Admittedly, this isn’t a perfect album. The first half is so good that it was almost inevitable the second half dips. Mickey Factz raps over some Sol Messiah beats on the imaginatively named “Mickey Messiah” but feels pedestrian compared to the songs around it, both in terms of structure and delivery. Sol Messiah also contributes a drumless piano loop for Planet Asia’s “Sun-Dey-Skool” which is a welcome comedown from the intense rap performances that precede it, as is Tristate’s “Dogon”, but they operate at a tier or two below the other songs. Other than that though, this is up there with the best hip-hop albums of 2022. You’ve then got a number of Sa-Roc tracks where she automatically elevates the tone: “Computer Roc” and “Slipping Sands” both have that intangible feel that Sol Messiah and Sa-Roc have nurtured over the years; the former song for her raps and the latter for her singing on what’s essentially a solid Murs record.

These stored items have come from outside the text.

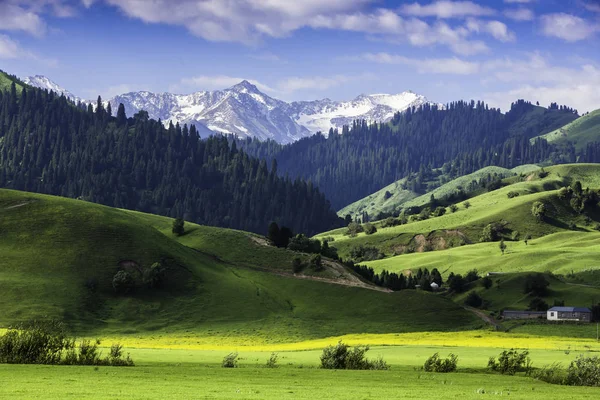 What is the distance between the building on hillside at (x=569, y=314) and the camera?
576ft

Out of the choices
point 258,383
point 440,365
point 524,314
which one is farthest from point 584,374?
point 524,314

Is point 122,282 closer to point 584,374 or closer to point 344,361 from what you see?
point 344,361

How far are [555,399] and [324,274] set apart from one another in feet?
445

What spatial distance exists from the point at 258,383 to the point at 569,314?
141209 mm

“Rhymeslayers” is an interesting combination of artists from the Rhymesayers label – Slug, Aesop Rock and Sa-Roc – three completely different types of rappers. Slug’s everyman, Aesop’s vocabulary vomit and Sa-Roc’s unstoppable force shouldn’t really work together but it’s constantly interesting to the point where these three could form a supergroup. SA+Roc anyone? You can have that one. Hell, the album may even peak right at the very end with Zion I’s Baba Zumbi (R.I.P.) tearing up the same beat M.O.P. did (“Welcome 2 Brownsville”) on “Jah City”. But it’s Sa-Roc again, with closer “The Light” that just feels different, and evokes the same energy her record “The Sharecropper’s Daughter” did.
My favorite song on that album was with Styles P (“Rocwell’s America”) and my favorite Sa-Roc track in recent memory is Khrysis’ “The Disrespect” with Rapsody, and they both succeeded at something beyond simply snapping with a sick sixteen. There’s this captivating sound you hear producers assign to Sa-Roc that I don’t really see people try to quantify. Sol Messiah knows Sa-Roc’s strengths lie in her unique style – simulatenously formidable and ferocious, yet never losing this hypnotic femininity. I’m guilty of lazy comparisons in reviews, and it would be easier to slot Sa-Roc in somewhere between Rah Digga and Killah Priest, but a more accurate description of her music (particularly on this album) is watching a boxing match that has a gospel choir soulfully chiming in between rounds. You get that hit of rap, often hard-hitting yet precise and well-trained; but there’s moments of mournful reflection that wash over you in-between. A lot of that is down to the tailor-made production from Sol Messiah that gives their collaborations this sense of raw spirituality that feels just as much African as it does American. It makes sense when you learn Sa-Roc’s background and passion for pan-Africanism, and it’s certainly helped see her garner some crossover success to worldwide audiences outside of your usual underground hip-hop fans. There’s an it-factor in Sa-Roc’s presence that extends further than the lyrical acrobatics and imposing cadence, and Sol Messiah knows that. He gets the best out of her throughout this record, something she’ll likely admit too. “GOD CMPLX” is an excellent demonstration of Sol Messiah’s versatility and ability, but also highlights why Sa-Roc is someone he places so much faith in. She’s the real God present here, no complex.